Directions for this task:
Could the data below be printed out exactly, with the pictures left out?

★ ★ ★ ★ ★ ★ ★

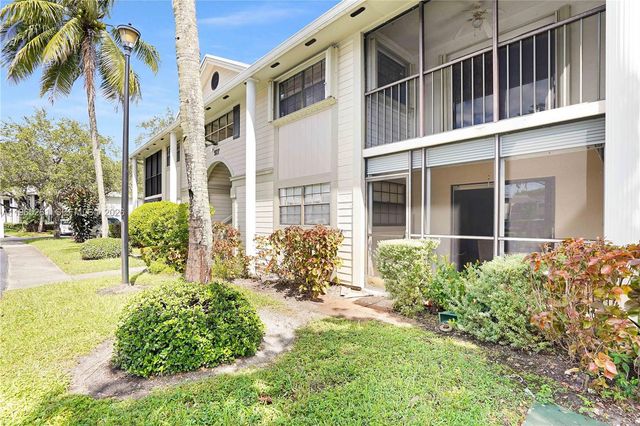 927 NE 199th St 104, Miami, FL 33179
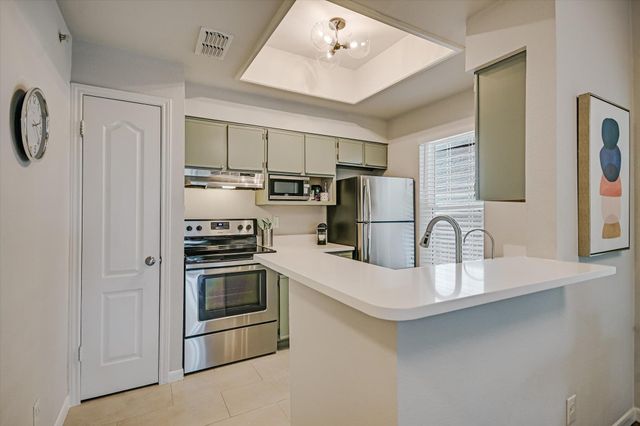 6000 Shepherd Mountain CV 604, Austin, TX 78730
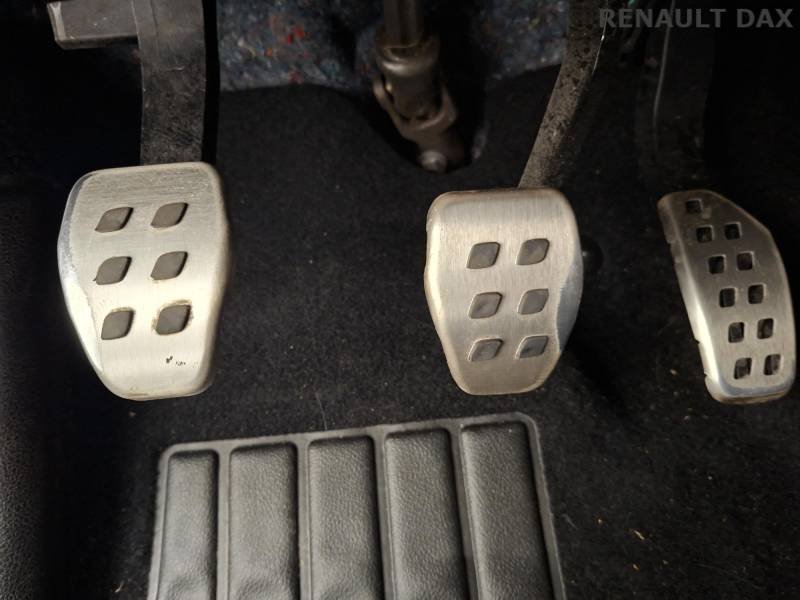 Renault Clio - Photo 35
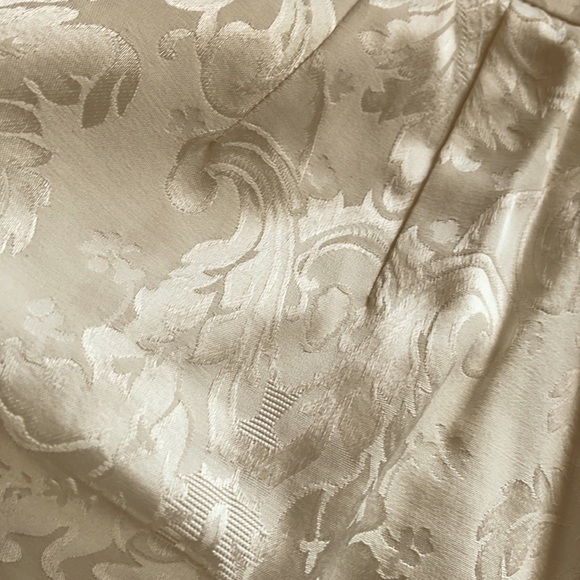 Vintage size 14. Cream damask, straight ankle leg. Dress them up for evening. - Picture 3 of 4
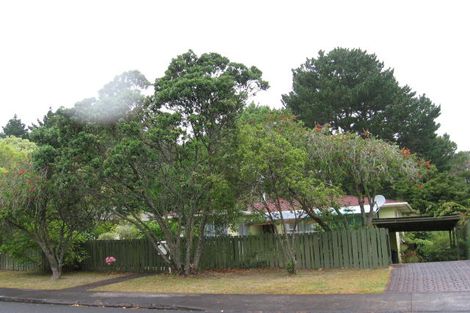 Photo of property in 31 Lavery Place, Sunnynook, Auckland, 0632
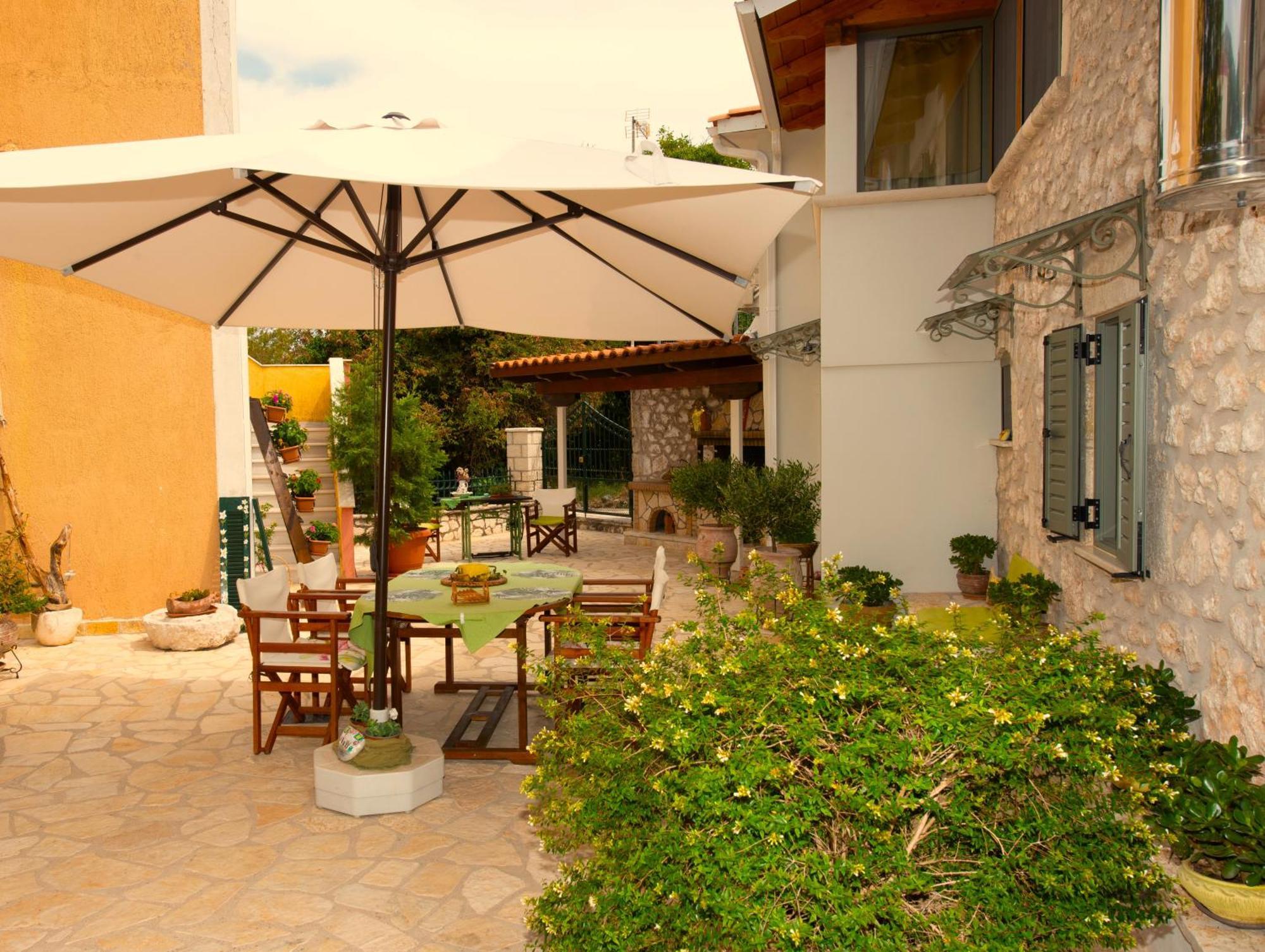 Kariá La Casa Di Bella A Tradional Stone House With Barbecue 빌라 외부 사진
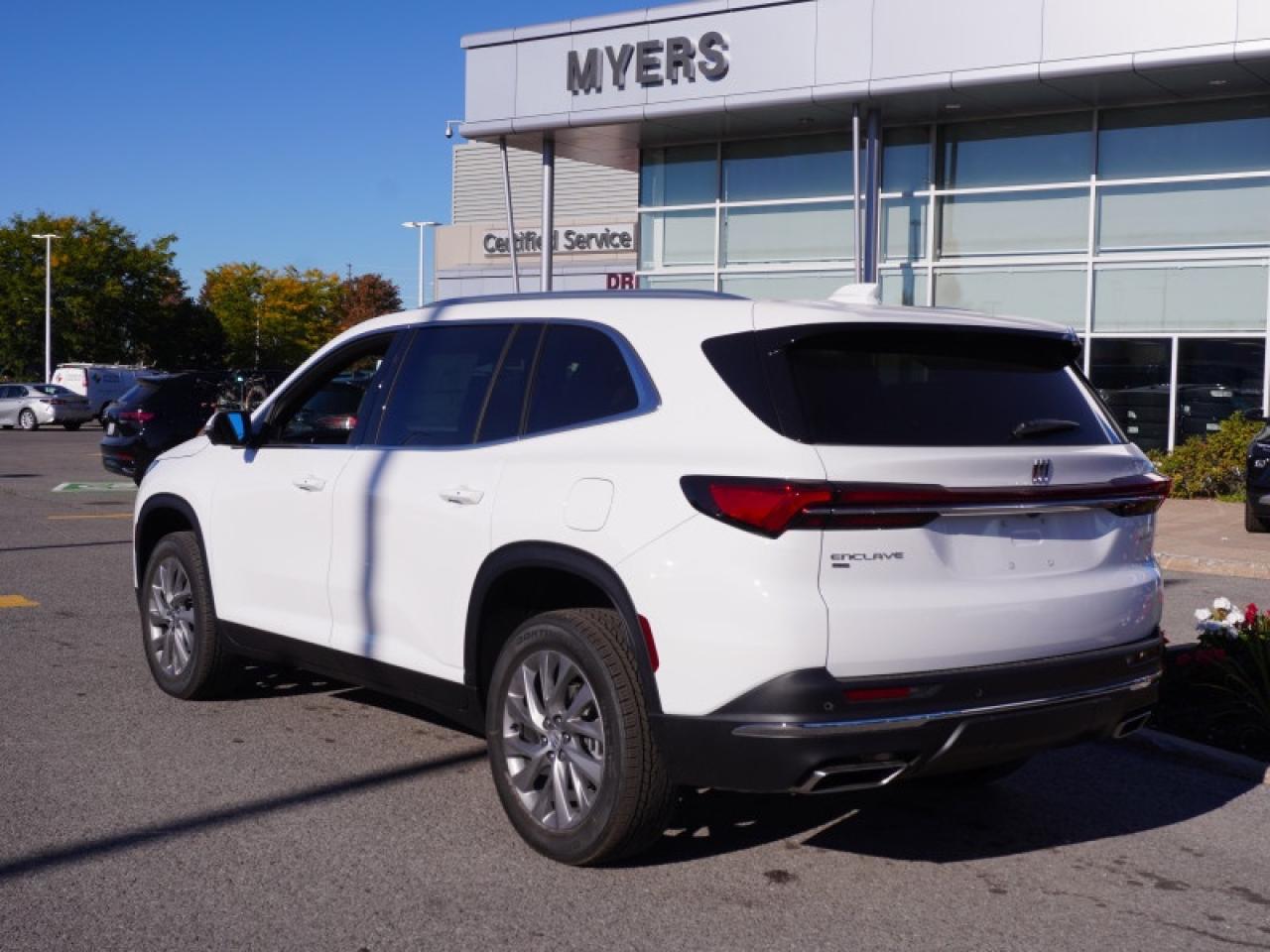 2026 Buick Enclave Preferred  - SUNROOF -  POWER Photo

★ ★ ★ ★ ★ ★ ★

Exercise solution:
 927 NE 199th St 104, Miami, FL 33179
 6000 Shepherd Mountain CV 604, Austin, TX 78730
 Renault Clio - Photo 35
 Vintage size 14. Cream damask, straight ankle leg. Dress them up for evening. - Picture 3 of 4
 Photo of property in 31 Lavery Place, Sunnynook, Auckland, 0632
 Kariá La Casa Di Bella A Tradional Stone House With Barbecue 빌라 외부 사진
 2026 Buick Enclave Preferred  - SUNROOF -  POWER Photo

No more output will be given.